**Exercise brief:**
Some entries follow. Reproduce exactly the lines starting at the one with "Open Peterkin Little" and stopping after the one with "Fundango Portable Table".

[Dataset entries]
----------------
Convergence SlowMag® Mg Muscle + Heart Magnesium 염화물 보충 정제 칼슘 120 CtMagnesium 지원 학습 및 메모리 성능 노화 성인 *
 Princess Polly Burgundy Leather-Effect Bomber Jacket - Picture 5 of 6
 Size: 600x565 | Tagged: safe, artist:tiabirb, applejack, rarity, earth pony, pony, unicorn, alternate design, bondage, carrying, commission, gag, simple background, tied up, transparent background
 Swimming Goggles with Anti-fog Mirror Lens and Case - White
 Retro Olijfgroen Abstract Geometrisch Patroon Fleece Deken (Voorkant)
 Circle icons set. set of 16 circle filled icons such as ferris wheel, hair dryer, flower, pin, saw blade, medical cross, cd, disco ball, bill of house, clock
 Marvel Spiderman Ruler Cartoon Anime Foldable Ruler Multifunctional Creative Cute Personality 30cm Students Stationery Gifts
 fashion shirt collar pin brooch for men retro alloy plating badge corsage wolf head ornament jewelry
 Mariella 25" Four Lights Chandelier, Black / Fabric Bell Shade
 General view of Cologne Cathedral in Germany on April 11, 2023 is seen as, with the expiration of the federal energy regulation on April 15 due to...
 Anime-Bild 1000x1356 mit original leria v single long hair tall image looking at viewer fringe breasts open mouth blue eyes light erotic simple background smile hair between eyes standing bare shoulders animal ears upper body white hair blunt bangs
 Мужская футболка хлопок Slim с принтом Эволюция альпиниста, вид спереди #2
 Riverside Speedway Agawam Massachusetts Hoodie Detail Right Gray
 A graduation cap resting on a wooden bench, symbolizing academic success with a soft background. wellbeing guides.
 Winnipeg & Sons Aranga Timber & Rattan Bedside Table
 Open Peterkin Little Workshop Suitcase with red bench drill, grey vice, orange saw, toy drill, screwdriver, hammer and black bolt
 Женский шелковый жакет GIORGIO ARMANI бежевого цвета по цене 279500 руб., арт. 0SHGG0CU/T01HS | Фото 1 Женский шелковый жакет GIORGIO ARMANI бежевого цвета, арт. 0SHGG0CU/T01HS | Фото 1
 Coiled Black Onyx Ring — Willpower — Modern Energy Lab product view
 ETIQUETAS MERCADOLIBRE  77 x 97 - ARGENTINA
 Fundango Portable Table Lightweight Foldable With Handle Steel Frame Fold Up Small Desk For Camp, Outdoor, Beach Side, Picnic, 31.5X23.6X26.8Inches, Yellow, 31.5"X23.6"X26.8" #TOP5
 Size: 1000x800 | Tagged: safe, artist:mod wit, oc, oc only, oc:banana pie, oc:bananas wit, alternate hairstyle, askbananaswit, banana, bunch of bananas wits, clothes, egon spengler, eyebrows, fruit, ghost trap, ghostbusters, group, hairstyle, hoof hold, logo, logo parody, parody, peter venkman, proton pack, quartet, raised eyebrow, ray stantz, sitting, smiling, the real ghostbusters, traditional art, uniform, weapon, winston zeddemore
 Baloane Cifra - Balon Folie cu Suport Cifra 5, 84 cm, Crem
----------------
**Output of the task:**
 Open Peterkin Little Workshop Suitcase with red bench drill, grey vice, orange saw, toy drill, screwdriver, hammer and black bolt
 Женский шелковый жакет GIORGIO ARMANI бежевого цвета по цене 279500 руб., арт. 0SHGG0CU/T01HS | Фото 1 Женский шелковый жакет GIORGIO ARMANI бежевого цвета, арт. 0SHGG0CU/T01HS | Фото 1
 Coiled Black Onyx Ring — Willpower — Modern Energy Lab product view
 ETIQUETAS MERCADOLIBRE  77 x 97 - ARGENTINA
 Fundango Portable Table Lightweight Foldable With Handle Steel Frame Fold Up Small Desk For Camp, Outdoor, Beach Side, Picnic, 31.5X23.6X26.8Inches, Yellow, 31.5"X23.6"X26.8" #TOP5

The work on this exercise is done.